We’re assuming \(\mathbf{z}\sim p_\mathbf{z}(\mathbf{z})\). Using the change of variables formula, we can express the probability of \(p_\theta(\mathbf{x})\) in terms of \(\mathbf{z}\) and the transform \(\boldsymbol{f}_\theta\).

\[ \begin{equation} p_\theta(\mathbf{x}) = p_\mathbf{z}(\boldsymbol{f}_\theta(\mathbf{x})) \left| \nabla_\mathbf{x} \boldsymbol{f}_\theta(\mathbf{x})\right| \end{equation} \]

This function \(\boldsymbol{f}_\theta\) “normalizes” the complex density \(\mathbf{x}\) into a simpler base distribution \(\mathbf{z}\). We can also express this equation in terms of \(g_\theta\) which is the standard found in the normalizing flow literature.

\[ \begin{equation} p_\theta(\mathbf{x}) = p_\mathbf{z}(\mathbf{z}) \left| \nabla_\mathbf{z} g_\theta(\mathbf{z})\right|^{-1} \end{equation} \]

The function \(g_\theta\) pushes forward the base density \(\mathbf{z}\) to a more complex density \(\mathbf{x}\).

In this demonstration, we want to show that the following is equivalent.

\[ \begin{equation} \text{D}_\text{KL}\left[p_\text{data}(\mathbf{x}) || p_\mathbf{x}(\mathbf{x}; \theta) \right] = \text{D}_\text{KL} \left[ p_\text{target}(\mathbf{z}; \theta) || p_\mathbf{z}(\mathbf{z}) \right] \end{equation} \]
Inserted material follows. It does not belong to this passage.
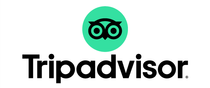 El logo de Tripadvisor es un círculo verde con un búho.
This says that the KL-Divergence between the data distribution \(p_\text{data}(\mathbf{x})\) and the model \(p_\mathbf{x}(\mathbf{x};\theta)\) is equivalent to the KL-Divergence between \textit{induced} distribution \(p_\text{target}(\mathbf{z};\theta)\) from the transformation \(\boldsymbol{f}_\theta(\mathbf{x})\) and the chosen base distribution \(p_\mathbf{z}(\mathbf{z})\).